For now, at least. The band’s fifth album, Mylo Xyloto, finds the group aiming for a more rubbery pop sound, injecting some needed brightness and energy in its brand of moody arena rock. Synths appear as much as pianos; the rhythms have more meat on their bones, and teardrops invariably become waterfalls. It’s an ideal situation for a guest appearance by Rihanna, whose voice winningly intertwines with Martin’s over the soaring synth-pop riffage of “Princess of China.”

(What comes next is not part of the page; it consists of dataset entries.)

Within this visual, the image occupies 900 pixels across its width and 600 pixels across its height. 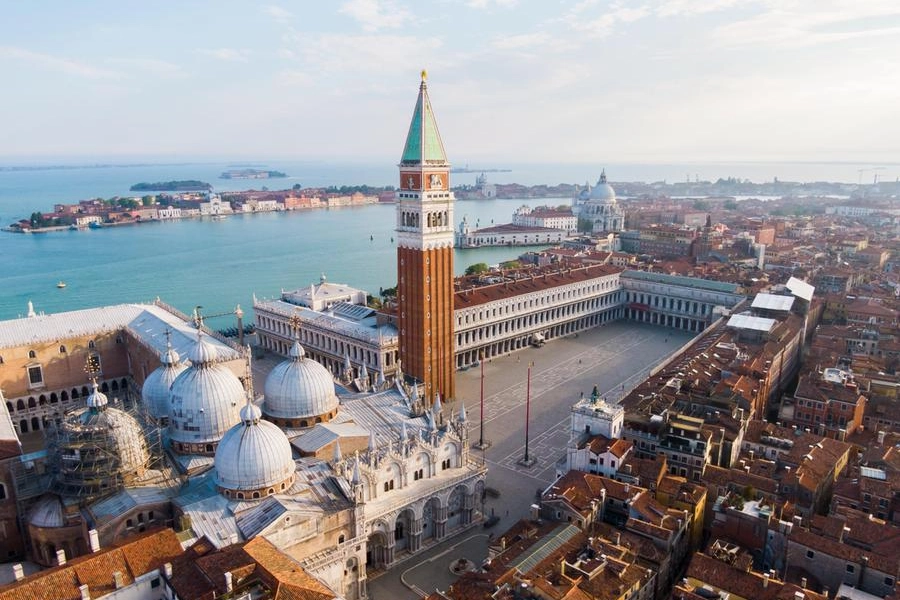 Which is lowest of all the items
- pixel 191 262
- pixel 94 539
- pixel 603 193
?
pixel 191 262

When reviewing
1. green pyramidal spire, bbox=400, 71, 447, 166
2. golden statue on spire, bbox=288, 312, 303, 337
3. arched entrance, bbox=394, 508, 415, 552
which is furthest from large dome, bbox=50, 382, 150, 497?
green pyramidal spire, bbox=400, 71, 447, 166

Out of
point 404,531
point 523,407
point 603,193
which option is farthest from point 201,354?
point 603,193

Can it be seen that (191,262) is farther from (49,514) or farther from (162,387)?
(49,514)

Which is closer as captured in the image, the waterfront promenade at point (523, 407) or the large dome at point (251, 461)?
the large dome at point (251, 461)

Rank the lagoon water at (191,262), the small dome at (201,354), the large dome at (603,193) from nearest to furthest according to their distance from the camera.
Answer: the small dome at (201,354) → the lagoon water at (191,262) → the large dome at (603,193)

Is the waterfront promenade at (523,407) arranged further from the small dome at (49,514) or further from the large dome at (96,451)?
the small dome at (49,514)

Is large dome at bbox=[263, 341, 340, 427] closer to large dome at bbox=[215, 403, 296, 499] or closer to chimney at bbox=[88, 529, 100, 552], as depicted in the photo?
large dome at bbox=[215, 403, 296, 499]

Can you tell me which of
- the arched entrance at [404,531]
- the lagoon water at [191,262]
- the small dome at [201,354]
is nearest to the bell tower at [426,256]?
the arched entrance at [404,531]

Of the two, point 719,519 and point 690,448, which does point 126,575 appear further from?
point 690,448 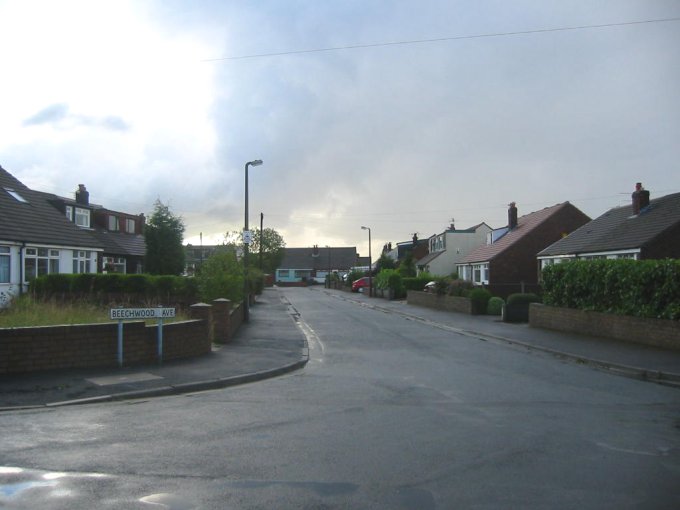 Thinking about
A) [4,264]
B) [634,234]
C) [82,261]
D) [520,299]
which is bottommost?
[520,299]

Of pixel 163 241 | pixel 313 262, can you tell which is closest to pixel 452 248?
pixel 163 241

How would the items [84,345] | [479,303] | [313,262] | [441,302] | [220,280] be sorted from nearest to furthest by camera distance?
1. [84,345]
2. [220,280]
3. [479,303]
4. [441,302]
5. [313,262]

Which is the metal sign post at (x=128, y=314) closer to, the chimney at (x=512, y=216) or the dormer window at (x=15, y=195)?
the dormer window at (x=15, y=195)

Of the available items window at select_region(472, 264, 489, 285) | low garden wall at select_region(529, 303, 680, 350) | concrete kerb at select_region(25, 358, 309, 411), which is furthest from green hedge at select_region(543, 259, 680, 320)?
window at select_region(472, 264, 489, 285)

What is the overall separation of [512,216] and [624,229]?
19.5 m

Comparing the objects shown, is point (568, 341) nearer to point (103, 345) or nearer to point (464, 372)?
point (464, 372)

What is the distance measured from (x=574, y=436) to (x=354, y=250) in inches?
4793

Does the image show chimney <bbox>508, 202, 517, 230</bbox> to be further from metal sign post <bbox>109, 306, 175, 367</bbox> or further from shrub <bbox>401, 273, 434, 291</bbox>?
metal sign post <bbox>109, 306, 175, 367</bbox>

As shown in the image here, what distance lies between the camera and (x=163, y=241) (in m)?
48.4

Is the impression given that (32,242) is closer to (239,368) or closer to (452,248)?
(239,368)

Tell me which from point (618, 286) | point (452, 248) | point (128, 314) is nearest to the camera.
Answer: point (128, 314)

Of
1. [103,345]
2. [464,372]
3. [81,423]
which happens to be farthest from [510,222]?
[81,423]

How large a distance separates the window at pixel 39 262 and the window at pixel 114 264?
12591mm

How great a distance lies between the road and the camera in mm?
5160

You could spin this as a sign of the musical apocalypse if you wanted – a monstrously popular group doing everything it can to sound even more mainstream. But for all of its chart-reaching ambitions, Mylo Xyloto doesn’t sound labored. Martin and his bandmates clearly have an affinity for the trappings of 21st century pop and R&B, and with the help of super-producer Brian Eno, they’ve woven them into their signature sound in subtle yet effective ways – much like U2 did on Achtung Baby. Critics are once again heaping praise upon that album in honor of its 20th birthday, calling it brave, despite the fact that when you took away Bono’s new hair and wardrobe, Achtung was just a tweaked version of the same old formula. It’s a great record, but it has more in common with Mylo Xyloto than U2 fans would probably care to admit.

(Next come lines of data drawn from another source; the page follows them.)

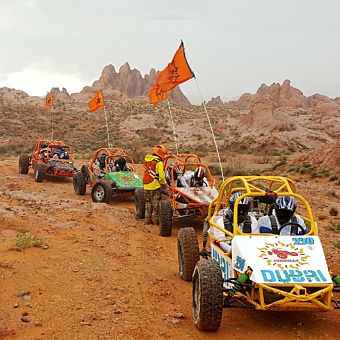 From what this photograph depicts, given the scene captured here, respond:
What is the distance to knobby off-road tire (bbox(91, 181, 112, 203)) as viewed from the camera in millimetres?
12383

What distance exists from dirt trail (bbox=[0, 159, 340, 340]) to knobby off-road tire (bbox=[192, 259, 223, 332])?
167 mm

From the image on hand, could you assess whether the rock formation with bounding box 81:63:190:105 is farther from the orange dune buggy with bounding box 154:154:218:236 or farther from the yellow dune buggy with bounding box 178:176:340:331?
the yellow dune buggy with bounding box 178:176:340:331

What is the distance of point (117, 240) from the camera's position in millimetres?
8672

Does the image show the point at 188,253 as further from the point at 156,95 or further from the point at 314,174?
the point at 314,174

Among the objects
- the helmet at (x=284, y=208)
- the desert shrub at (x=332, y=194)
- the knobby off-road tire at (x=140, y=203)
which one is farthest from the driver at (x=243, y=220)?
the desert shrub at (x=332, y=194)

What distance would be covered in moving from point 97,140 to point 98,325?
125 feet

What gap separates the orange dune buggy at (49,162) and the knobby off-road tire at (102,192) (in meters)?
4.12

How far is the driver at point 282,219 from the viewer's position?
216 inches

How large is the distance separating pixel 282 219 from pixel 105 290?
2397mm

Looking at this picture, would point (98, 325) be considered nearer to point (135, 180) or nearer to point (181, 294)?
point (181, 294)

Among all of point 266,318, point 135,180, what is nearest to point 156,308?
point 266,318

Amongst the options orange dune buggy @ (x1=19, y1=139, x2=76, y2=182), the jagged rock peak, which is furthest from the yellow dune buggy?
the jagged rock peak

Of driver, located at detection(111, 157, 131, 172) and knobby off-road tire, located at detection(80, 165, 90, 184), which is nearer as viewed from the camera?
driver, located at detection(111, 157, 131, 172)

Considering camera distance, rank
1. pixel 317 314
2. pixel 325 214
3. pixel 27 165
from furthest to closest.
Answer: pixel 27 165, pixel 325 214, pixel 317 314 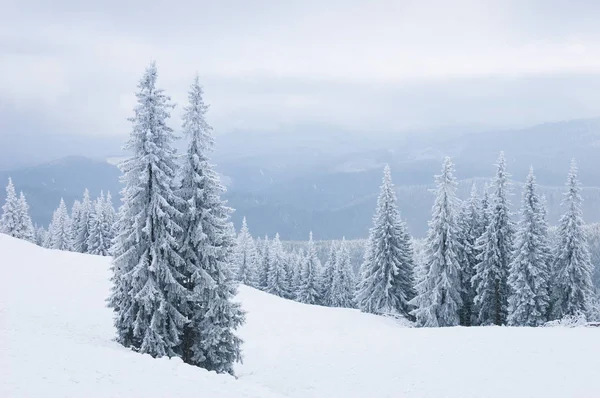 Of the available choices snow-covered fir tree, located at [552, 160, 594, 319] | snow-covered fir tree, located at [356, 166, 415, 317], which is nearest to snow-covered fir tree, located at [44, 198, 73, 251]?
snow-covered fir tree, located at [356, 166, 415, 317]

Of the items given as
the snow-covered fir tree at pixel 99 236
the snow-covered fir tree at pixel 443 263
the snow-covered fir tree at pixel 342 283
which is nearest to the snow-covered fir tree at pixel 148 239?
the snow-covered fir tree at pixel 443 263

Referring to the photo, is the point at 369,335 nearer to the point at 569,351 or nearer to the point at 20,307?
the point at 569,351

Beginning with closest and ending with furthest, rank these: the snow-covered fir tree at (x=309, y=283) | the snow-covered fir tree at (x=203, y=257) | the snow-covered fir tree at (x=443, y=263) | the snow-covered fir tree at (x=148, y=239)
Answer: the snow-covered fir tree at (x=148, y=239), the snow-covered fir tree at (x=203, y=257), the snow-covered fir tree at (x=443, y=263), the snow-covered fir tree at (x=309, y=283)

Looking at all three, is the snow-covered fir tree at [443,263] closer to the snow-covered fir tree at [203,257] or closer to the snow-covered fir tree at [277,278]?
the snow-covered fir tree at [203,257]

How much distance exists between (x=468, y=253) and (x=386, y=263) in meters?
7.10

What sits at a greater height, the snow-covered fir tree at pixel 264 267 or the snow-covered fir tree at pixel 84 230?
the snow-covered fir tree at pixel 84 230

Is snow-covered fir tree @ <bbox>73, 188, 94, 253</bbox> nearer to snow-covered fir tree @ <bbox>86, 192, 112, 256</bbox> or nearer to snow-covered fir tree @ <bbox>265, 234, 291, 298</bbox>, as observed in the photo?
snow-covered fir tree @ <bbox>86, 192, 112, 256</bbox>

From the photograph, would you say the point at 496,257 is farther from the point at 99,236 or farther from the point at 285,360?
the point at 99,236

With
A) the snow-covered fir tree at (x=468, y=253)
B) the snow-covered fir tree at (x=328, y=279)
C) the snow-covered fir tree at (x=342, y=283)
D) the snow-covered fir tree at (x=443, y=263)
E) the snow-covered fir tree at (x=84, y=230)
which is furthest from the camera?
the snow-covered fir tree at (x=328, y=279)

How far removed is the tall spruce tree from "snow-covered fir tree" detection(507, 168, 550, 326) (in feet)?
11.7

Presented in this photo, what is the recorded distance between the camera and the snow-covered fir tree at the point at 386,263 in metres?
38.9

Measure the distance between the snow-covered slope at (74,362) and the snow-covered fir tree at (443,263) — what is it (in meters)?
23.7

The reviews are in on MX, and they’re the usual mix of carefully worded praise and straight-up bile. But whether they’re being nice or mean, critics still tend to sound disappointed that Coldplay isn’t an Important Artist, the kind of band that turns fans into apostles for its cause. Which leads to my theory – Coldplay’s biggest problem is that they don’t suck enough. It’s easy to spew hate about Black Eyed Peas or Maroon 5, but those Coldplay choruses are nifty little earworms. They must make it hard on Chris Martin haters, no matter how many clumsy rhymes he forces. So they rage on about how worthless Coldplay is, how they’re an insult to people who “know about music,” how their popularity exposes the ignorance of the general public. Then they catch themselves humming “Paradise,” and the self-flagellation begins.